I got a hold of Thomas this morning (he’s in Washington D.C. fighting with Phillip Morris in front of the Supreme Court) and he gave me the latest details on the new proposal.
The major difference with the new proposal is that it makes the hand signal violation applicable only to locations with marked crosswalks (the 2007 version included even unmarked crosswalks). Traffic safety advocates might not be happy with this change, but Thomas sees it as a necessary compromise to ensure success of the bill.
UPDATE, 12/5: I misunderstood Thomas when I first reported this. The proposed law will include unmarked crosswalks as well. I apologize for any confusion this has caused.
Another key provision of the new bill is how bicycles figure into the equation. Currently, Oregon law says that someone on a bike has the same rights as a pedestrian in a crosswalk (as long as they’re riding slowly).
But what about when you’re on your bike, on the sidewalk, waiting to cross?
“In Norway, someone can simply walk up to a curb and cars stop for them about 95% of the time.”
Thomas says the new bill doesn’t specifically name bicyclists, but it includes language that increases the size of what is considered the “crosswalk”. Therefore, since existing law already says bicyclists have equal rights as pedestrians in a crosswalk, bicyclists can also raise their hand and benefit from the hand signal bill.
“The proposal moves back the official right-of-way to the curb as you’re about to enter. So, as a bike rider, you can also put your hand up and motorists would be in violation if they did not stop.”
To thwart hand signal fakers and to pre-empt potential opposition to the proposal among lawmakers, Thomas also told me a late addition to the bill is the creation of a new violation that would dole out a traffic citation to anyone who raises their hand without the intention to cross.

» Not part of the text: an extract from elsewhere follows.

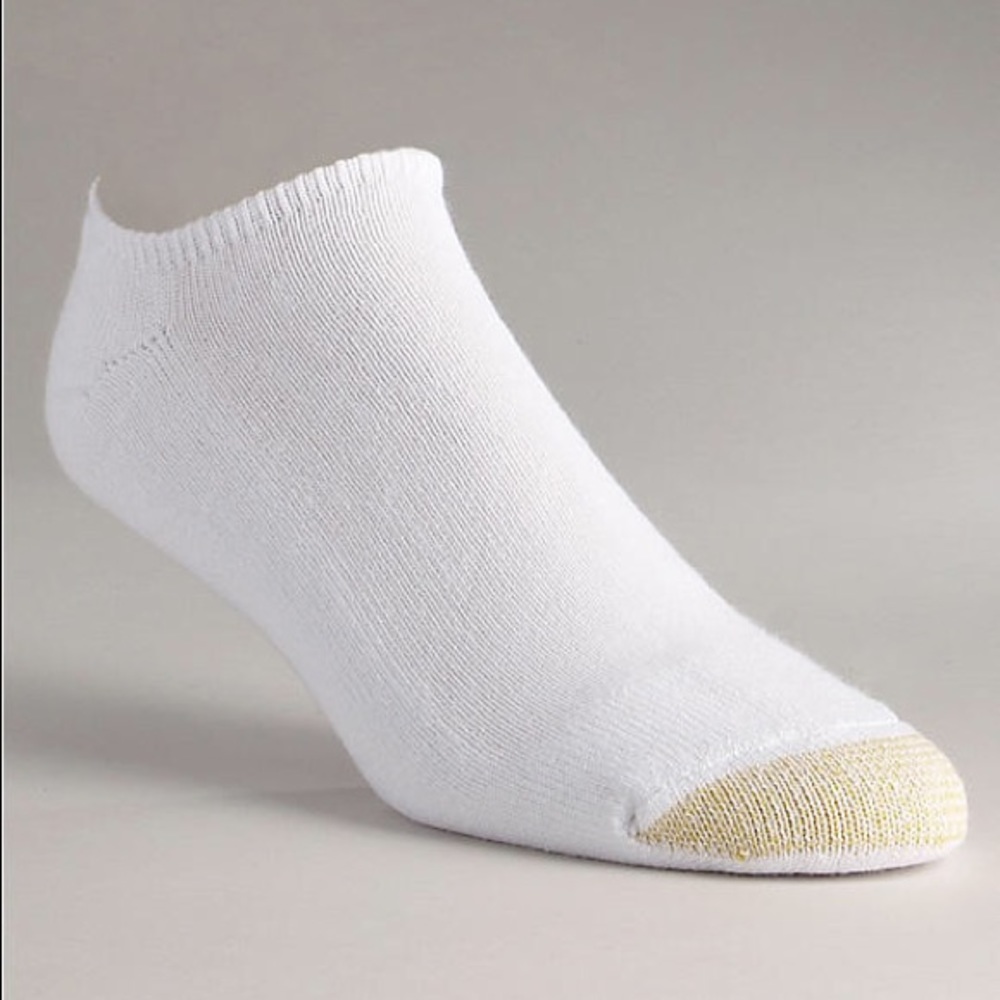 6 White Gold Toe sock liners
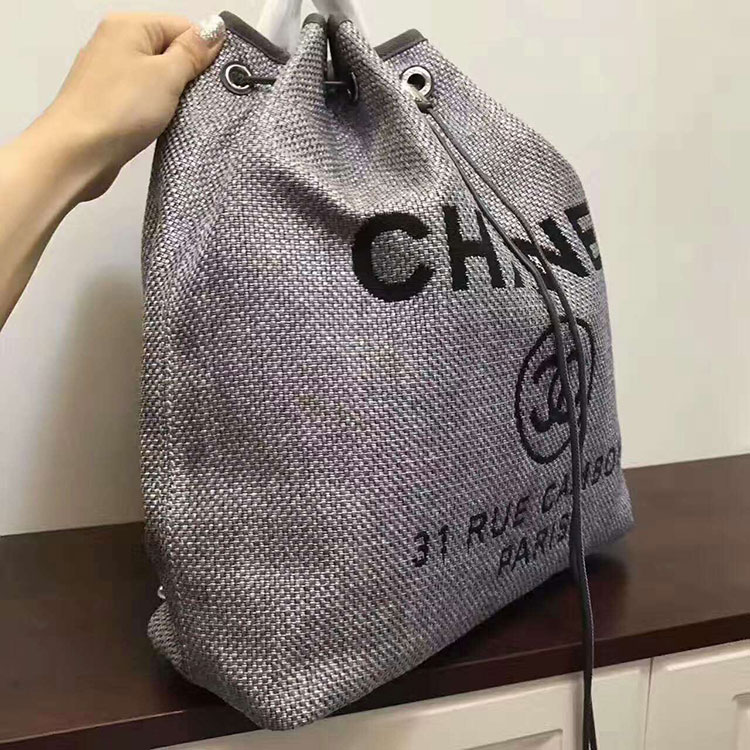 2017 Chanel Original Denim Fabric Backpack A33650 ancient silver hardware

Thomas, who has written a manual on pedestrian legal rights, said he was inspired to fight for improvements to Oregon’s pedestrian laws after a trip to Norway. “In Norway,” he said, where they have a hand signal law in place, “someone can simply walk up to a curb and cars stop for them about 95% of the time.”
So far, Thomas says he has the enthusiastic support of former Traffic Division captain and now Assistant Chief of the Portland Police Bureau Larry O’Dea and at least one Republican lawmaker — State Senator Ted Ferrioli, who was almost hit while walking in a crosswalk.
It will be interesting to see the reaction to this bill, both by lawmakers and by the community. Commenting on a related story on BikePortland.org this morning, one reader doesn’t think a hand signal is the right direction.
Reader “Shawna” wrote:
“Drivers need to obey the laws that exist, and we need to better enforce those laws. Adding a little hand-jive to the duties of pedestrians isn’t going to improve the situation.
…We could pass a law that says “if you want to show your intent to cross the street, you should: find a crosswalk, use a hand signal, wear a red t-shirt that says “I’m crossing the street now!”, and put a safety cone on your head.
This is not the fix we are looking for.”
Reader “Scott G.” writes in the comments below that:
“I like the idea of sanctioning an action that gives the pedestrian some authority to assert themselves, and it seems like it would help encourage eye contact, too.”